From: Petr Mladek <pmladek@suse.com>
To: Sergey Senozhatsky <sergey.senozhatsky@gmail.com>
Cc: Andrew Morton <akpm@linux-foundation.org>,
Jan Kara <jack@suse.com>, Tejun Heo <tj@kernel.org>,
Tetsuo Handa <penguin-kernel@I-love.SAKURA.ne.jp>,
linux-kernel@vger.kernel.org,
Byungchul Park <byungchul.park@lge.com>,
Sergey Senozhatsky <sergey.senozhatsky.work@gmail.com>,
Jan Kara <jack@suse.cz>
Subject: Re: [RFC][PATCH v6 1/2] printk: Make printk() completely async
Date: Tue, 22 Mar 2016 14:11:07 +0100 [thread overview]
Message-ID: <20160322131106.GA5522@pathway.suse.cz> (raw)
In-Reply-To: <1458581130-8677-2-git-send-email-sergey.senozhatsky@gmail.com>
On Tue 2016-03-22 02:25:29, Sergey Senozhatsky wrote:
> From: Jan Kara <jack@suse.cz>
>
> This patch makes printk() completely asynchronous (similar to what
> printk_deferred() did until now). It appends message to the kernel
> printk buffer and wake_up()s a special dedicated kthread to do the
> printing to console. This has the advantage that printing always happens
> from a schedulable contex and thus we don't lockup any particular CPU or
> even interrupts. Also it has the advantage that printk() is fast and
> thus kernel booting is not slowed down by slow serial console.

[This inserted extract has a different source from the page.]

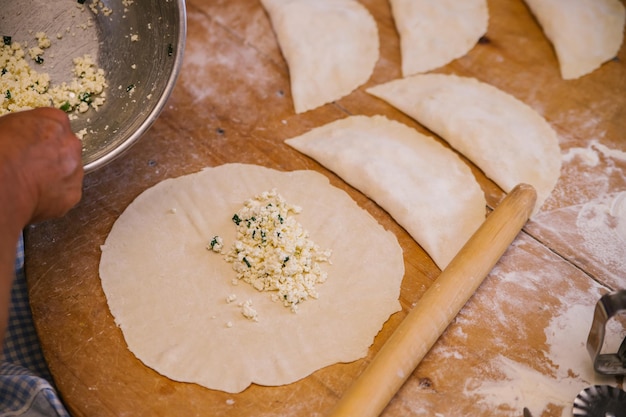 Le mani delle donne nel processo di cottura di kutaba o cheburek carne macinata e cipolle nell'impasto Ricotta e cipolla nell'impasto Cucina greca caucasica tartara azerbaigiana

> Disadvantage of this method is that in case of crash there is higher
> chance that important messages won't appear in console output (we may
> need working scheduling to print message to console). We somewhat
> mitigate this risk by switching printk to the original method of
> immediate printing to console if oops is in progress. Also for
> debugging purposes we provide printk.synchronous kernel parameter which
> resorts to the original printk behavior.
>
> printk() is expected to work under different conditions and in different
> scenarios, including corner cases of OOM when all of the workers are busy
> (e.g. allocating memory), thus printk() uses its own dedicated printing
> kthread, rather than relying on workqueue (even with WQ_MEM_RECLAIM bit
> set we potentially can receive delays in printing until workqueue
> declares a ->mayday, as noted by Tetsuo Handa). Another thing to mention,
> is that deferred printk() messages may appear before printing kthread
> created, so in the very beginning we have to print deferred messages
> the old way -- via IRQs.
>
> Signed-off-by: Jan Kara <jack@suse.cz>
> Signed-off-by: Sergey Senozhatsky <sergey.senozhatsky@gmail.com>
> ---
> Documentation/kernel-parameters.txt | 10 ++
> kernel/printk/printk.c | 209 ++++++++++++++++++++++++++----------
> 2 files changed, 161 insertions(+), 58 deletions(-)
>
> diff --git a/kernel/printk/printk.c b/kernel/printk/printk.c
> index e38579d..99c105d6 100644
> --- a/kernel/printk/printk.c
> +++ b/kernel/printk/printk.c
> +/*
> + * Delayed printk version, for scheduler-internal messages:
> + */
> +#define PRINTK_PENDING_WAKEUP (1<<0)
> +#define PRINTK_PENDING_OUTPUT (1<<1)
> +
> +static DEFINE_PER_CPU(int, printk_pending);
> +
> +static void wake_up_klogd_work_func(struct irq_work *irq_work)
> +{
> + int pending = __this_cpu_xchg(printk_pending, 0);
> +
> + if (pending & PRINTK_PENDING_OUTPUT) {
> + /* If trylock fails, someone else is doing the printing */
> + if (console_trylock())
> + console_unlock();
This is called from IRQ context and thus keeps the original problem
for printk_deferred(). We should try to
wake_up_process(printk_kthread) when allowed.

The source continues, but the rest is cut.